◆ **WORK ITEM**: Look below for the line containing "an aerial view"; from there, print each line exactly up to and including the line containing "Trump habla en", and stop.

ENTRIES PROVIDED START

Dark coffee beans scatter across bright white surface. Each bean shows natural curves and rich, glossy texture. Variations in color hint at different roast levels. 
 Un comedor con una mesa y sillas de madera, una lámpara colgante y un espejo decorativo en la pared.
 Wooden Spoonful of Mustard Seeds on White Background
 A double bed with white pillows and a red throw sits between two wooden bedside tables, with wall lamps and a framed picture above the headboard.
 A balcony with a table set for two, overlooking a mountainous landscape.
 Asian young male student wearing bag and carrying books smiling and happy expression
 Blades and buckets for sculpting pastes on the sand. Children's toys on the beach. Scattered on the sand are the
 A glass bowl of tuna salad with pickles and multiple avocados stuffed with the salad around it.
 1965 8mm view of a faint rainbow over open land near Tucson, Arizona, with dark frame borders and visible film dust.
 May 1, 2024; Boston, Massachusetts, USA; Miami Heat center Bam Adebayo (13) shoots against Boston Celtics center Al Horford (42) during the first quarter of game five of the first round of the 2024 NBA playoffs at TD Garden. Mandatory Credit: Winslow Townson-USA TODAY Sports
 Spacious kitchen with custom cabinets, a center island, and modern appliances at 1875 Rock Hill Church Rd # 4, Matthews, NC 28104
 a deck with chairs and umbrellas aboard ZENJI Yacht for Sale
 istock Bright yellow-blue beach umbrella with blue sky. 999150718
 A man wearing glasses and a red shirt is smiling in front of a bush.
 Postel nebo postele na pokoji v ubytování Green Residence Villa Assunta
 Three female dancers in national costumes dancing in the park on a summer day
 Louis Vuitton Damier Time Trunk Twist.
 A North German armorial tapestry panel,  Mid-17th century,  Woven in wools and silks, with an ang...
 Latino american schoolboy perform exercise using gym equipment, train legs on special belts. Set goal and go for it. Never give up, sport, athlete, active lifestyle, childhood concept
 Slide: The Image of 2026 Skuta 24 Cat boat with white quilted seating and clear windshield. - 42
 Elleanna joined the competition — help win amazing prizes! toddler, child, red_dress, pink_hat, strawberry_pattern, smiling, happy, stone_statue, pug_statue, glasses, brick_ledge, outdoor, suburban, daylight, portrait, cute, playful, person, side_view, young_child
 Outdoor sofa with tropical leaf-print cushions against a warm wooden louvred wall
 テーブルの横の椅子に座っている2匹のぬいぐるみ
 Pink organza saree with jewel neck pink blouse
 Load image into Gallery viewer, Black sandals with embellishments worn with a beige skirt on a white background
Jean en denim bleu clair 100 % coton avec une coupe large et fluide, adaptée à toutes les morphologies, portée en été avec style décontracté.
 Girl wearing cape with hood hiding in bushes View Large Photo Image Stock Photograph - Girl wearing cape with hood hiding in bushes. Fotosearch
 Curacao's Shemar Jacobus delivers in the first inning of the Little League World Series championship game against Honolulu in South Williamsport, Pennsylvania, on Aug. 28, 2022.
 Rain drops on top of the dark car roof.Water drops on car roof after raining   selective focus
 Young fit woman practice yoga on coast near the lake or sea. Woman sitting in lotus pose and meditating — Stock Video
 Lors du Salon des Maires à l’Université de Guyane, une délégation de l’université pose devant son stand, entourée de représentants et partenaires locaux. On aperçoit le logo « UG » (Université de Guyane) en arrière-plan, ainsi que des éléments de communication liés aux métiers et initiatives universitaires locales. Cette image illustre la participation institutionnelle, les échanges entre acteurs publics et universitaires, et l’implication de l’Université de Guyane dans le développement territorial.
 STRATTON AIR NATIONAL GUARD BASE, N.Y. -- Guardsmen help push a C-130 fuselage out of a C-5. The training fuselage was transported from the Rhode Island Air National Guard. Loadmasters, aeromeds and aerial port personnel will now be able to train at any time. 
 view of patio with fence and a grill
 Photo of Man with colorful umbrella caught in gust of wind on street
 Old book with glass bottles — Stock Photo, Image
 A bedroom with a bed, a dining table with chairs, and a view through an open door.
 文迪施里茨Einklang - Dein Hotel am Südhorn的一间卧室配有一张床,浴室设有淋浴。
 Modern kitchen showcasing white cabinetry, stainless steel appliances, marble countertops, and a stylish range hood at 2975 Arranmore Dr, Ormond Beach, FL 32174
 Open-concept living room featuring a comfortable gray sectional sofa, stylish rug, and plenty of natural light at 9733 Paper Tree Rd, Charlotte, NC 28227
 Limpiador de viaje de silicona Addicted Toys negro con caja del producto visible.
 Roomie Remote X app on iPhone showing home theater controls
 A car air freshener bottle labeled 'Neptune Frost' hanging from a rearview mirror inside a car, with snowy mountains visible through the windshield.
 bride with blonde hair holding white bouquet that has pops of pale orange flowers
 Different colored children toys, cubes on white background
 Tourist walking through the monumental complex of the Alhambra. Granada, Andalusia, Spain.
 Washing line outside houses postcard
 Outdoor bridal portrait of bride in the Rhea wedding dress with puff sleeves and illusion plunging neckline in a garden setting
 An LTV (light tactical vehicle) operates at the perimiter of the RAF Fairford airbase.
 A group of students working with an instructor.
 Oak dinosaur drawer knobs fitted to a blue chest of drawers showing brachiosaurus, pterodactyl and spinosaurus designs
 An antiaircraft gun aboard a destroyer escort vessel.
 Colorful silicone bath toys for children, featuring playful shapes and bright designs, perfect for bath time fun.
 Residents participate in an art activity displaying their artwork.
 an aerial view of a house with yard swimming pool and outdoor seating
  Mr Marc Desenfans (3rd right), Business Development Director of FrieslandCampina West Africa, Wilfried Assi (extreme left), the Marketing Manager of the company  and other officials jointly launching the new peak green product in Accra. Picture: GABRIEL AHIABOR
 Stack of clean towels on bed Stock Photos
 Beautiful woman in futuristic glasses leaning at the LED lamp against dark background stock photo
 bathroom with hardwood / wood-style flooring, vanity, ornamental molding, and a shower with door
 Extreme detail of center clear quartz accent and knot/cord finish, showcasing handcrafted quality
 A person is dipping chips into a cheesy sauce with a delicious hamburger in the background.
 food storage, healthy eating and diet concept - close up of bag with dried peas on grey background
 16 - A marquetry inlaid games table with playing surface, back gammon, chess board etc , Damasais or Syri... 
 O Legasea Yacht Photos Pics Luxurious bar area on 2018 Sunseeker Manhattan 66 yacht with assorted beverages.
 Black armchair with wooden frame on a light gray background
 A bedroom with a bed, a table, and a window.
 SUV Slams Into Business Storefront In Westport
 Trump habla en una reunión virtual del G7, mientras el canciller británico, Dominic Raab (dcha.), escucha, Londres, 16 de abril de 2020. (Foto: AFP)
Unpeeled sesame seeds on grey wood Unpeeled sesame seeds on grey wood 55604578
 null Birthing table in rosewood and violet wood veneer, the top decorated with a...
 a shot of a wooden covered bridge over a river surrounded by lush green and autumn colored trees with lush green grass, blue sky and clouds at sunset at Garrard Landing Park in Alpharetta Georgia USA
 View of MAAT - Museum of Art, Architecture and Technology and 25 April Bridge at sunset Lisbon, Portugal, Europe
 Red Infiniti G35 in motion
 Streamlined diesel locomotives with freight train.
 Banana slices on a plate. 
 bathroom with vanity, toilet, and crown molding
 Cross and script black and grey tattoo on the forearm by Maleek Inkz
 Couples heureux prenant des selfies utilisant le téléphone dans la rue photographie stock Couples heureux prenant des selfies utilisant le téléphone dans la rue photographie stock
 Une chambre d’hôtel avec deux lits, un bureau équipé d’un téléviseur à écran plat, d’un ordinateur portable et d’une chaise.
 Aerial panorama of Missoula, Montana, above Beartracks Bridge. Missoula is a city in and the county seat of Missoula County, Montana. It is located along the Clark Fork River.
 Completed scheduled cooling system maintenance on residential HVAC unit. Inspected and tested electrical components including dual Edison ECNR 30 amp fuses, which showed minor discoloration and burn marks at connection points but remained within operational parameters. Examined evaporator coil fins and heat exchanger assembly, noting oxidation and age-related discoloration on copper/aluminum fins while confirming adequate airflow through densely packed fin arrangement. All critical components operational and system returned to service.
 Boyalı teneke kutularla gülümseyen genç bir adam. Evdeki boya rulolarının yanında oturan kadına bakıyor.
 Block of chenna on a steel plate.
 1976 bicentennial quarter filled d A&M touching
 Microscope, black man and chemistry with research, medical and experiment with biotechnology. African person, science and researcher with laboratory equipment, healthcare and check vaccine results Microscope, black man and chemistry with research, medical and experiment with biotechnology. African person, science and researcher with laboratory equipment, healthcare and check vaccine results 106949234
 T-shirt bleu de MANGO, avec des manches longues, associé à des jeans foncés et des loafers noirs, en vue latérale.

ENTRIES PROVIDED END

◆ **TASK RESULT**:
 an aerial view of a house with yard swimming pool and outdoor seating
  Mr Marc Desenfans (3rd right), Business Development Director of FrieslandCampina West Africa, Wilfried Assi (extreme left), the Marketing Manager of the company  and other officials jointly launching the new peak green product in Accra. Picture: GABRIEL AHIABOR
 Stack of clean towels on bed Stock Photos
 Beautiful woman in futuristic glasses leaning at the LED lamp against dark background stock photo
 bathroom with hardwood / wood-style flooring, vanity, ornamental molding, and a shower with door
 Extreme detail of center clear quartz accent and knot/cord finish, showcasing handcrafted quality
 A person is dipping chips into a cheesy sauce with a delicious hamburger in the background.
 food storage, healthy eating and diet concept - close up of bag with dried peas on grey background
 16 - A marquetry inlaid games table with playing surface, back gammon, chess board etc , Damasais or Syri... 
 O Legasea Yacht Photos Pics Luxurious bar area on 2018 Sunseeker Manhattan 66 yacht with assorted beverages.
 Black armchair with wooden frame on a light gray background
 A bedroom with a bed, a table, and a window.
 SUV Slams Into Business Storefront In Westport
 Trump habla en una reunión virtual del G7, mientras el canciller británico, Dominic Raab (dcha.), escucha, Londres, 16 de abril de 2020. (Foto: AFP)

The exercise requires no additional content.